Introduction
A word cloud is a visual representation of word, with more frequent word appear large and bold and less frequency small. In other words the more often a word occurs within a body of text, the larger it appears in the word cloud. This allows you to see immediately which words are most prominent and maybe most important. This state–of–the–art data analysis is widely refered to as text data mining and other call it text analytics. Text mining is the process of deriving high-quality information from text. High-quality information is typically derived through the devising of patterns and trends through means such as statistical pattern learning. In this post I illustrate steps you need to create a wordcloud with the text from the Bible!

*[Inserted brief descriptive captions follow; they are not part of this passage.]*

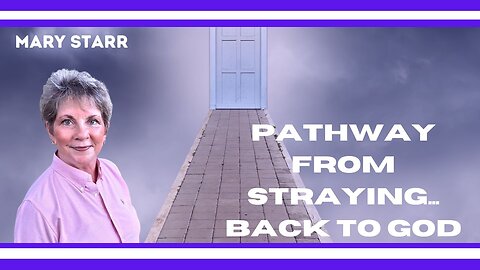 Back To God After Straying: Mary Starr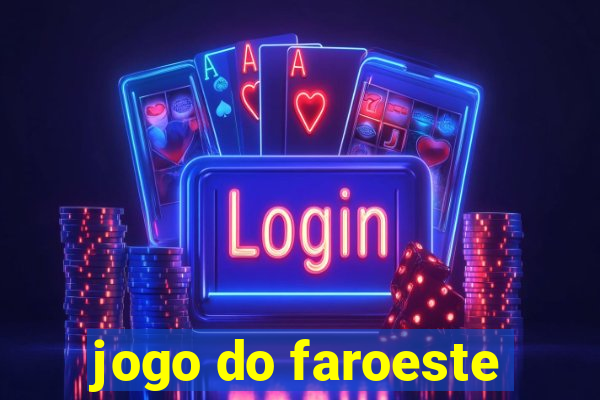 jogo do faroeste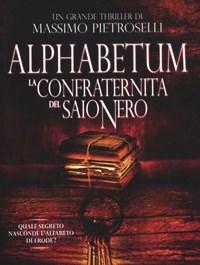 Alphabetum<br>La Confraternita Del Saio Nero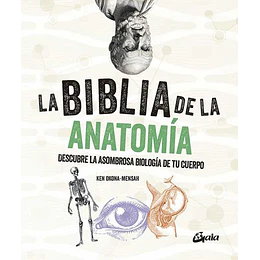 Biblia De La Anatomia, La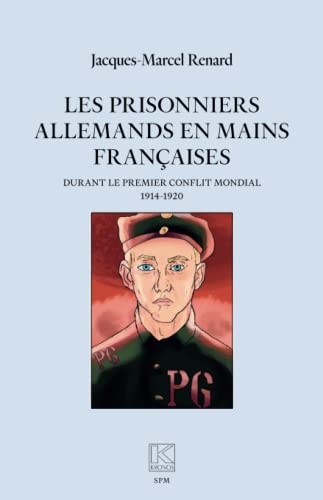 Les prisonniers allemands en mains françaises: durant le premier conflit mondial (1914-1920) von SPM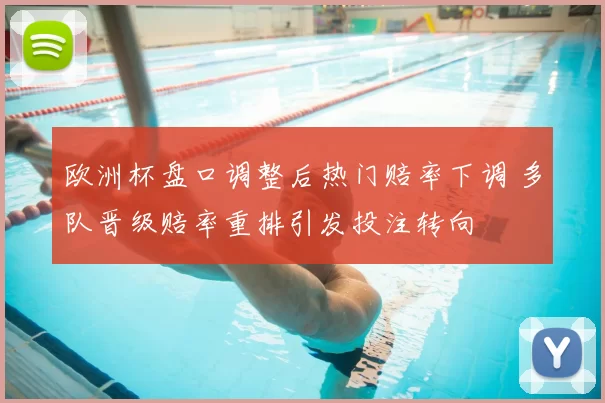 欧洲杯盘口调整后热门赔率下调 多队晋级赔率重排引发投注转向
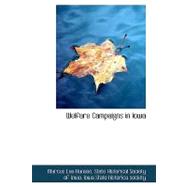 Welfare Campaigns in Iowa,9781103659876 Welfare Campaigns in Iowa,9781103659876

In this post I analyse text from the last Book in Old Testament called Malachi. Briefly, the word Malachi is hebrew, which means my messenger in English. After many years of exile, the Israel return to their land and expected to enjoy the unlimited blessing of God. This did not prove to be so, and as a result people began to doubt whether God really cared for them. Malachi, the prophet replied that the fault was on their side, not God. They had, by their sins, created barriers that hindered the flow and enjoyment of God’s love.
Packages
We need to load the packages of some function that we are going to use in this post, the package can be loaded using either library()
or require()
function. I prefer the require()
function and is the one I used to load the package as highlighted in the chunk below;
require(tm)
require(RColorBrewer)
require(tidyverse)
require(magrittr)
require(ggwordcloud)
Text Data
Coene (2019) developed a sacred package that bundle the whole King James Version bible. This bible contains all 66 books and each verse is structured in a row. We can obtain this bible with the line of code below
scripture = sacred::king_james_version
The bible comes as a data frame with four column shown in table 1
Number | Book | Chapter | Verse | Text |
---|---|---|---|---|
43 | JOH | 10 | 2 | But he that entereth in by the door is the shepherd of the sheep. |
44 | ACT | 28 | 21 | And they said unto him, We neither received letters out of Judaea concerning thee, neither any of the brethren that came shewed or spake any harm of thee. |
55 | TI2 | 24 | 6 | For I am now ready to be offered, and the time of my departure is at hand. |
38 | ZAC | 13 | 3 | And it shall come to pass, that when any shall yet prophesy, then his father and his mother that begat him shall say unto him, Thou shalt not live; for thou speakest lies in the name of the LORD: and his father and his mother that begat him shall thrust him through when he prophesieth. |
43 | JOH | 4 | 25 | The woman saith unto him, I know that Messias cometh, which is called Christ: when he is come, he will tell us all things. |
24 | JER | 51 | 58 | Thus saith the LORD of hosts; The broad walls of Babylon shall be utterly broken, and her high gates shall be burned with fire; and the people shall labour in vain, and the folk in the fire, and they shall be weary. |
19 | PSA | 38 | 11 | My lovers and my friends stand aloof from my sore; and my kinsmen stand afar off. |
24 | JER | 37 | 5 | Then Pharaoh’s army was come forth out of Egypt: and when the Chaldeans that besieged Jerusalem heard tidings of them, they departed from Jerusalem. |
47 | CO2 | 23 | 16 | Nevertheless when it shall turn to the Lord, the vail shall be taken away. |
58 | HEB | 1 | 3 | Who being the brightness of his glory, and the express image of his person, and upholding all things by the word of his power, when he had by himself purged our sins, sat down on the right hand of the Majesty on high. |
Because our interest is to analyse the text in the KJV, I only pick the text from the Malachi, you can pick any book by using a filter()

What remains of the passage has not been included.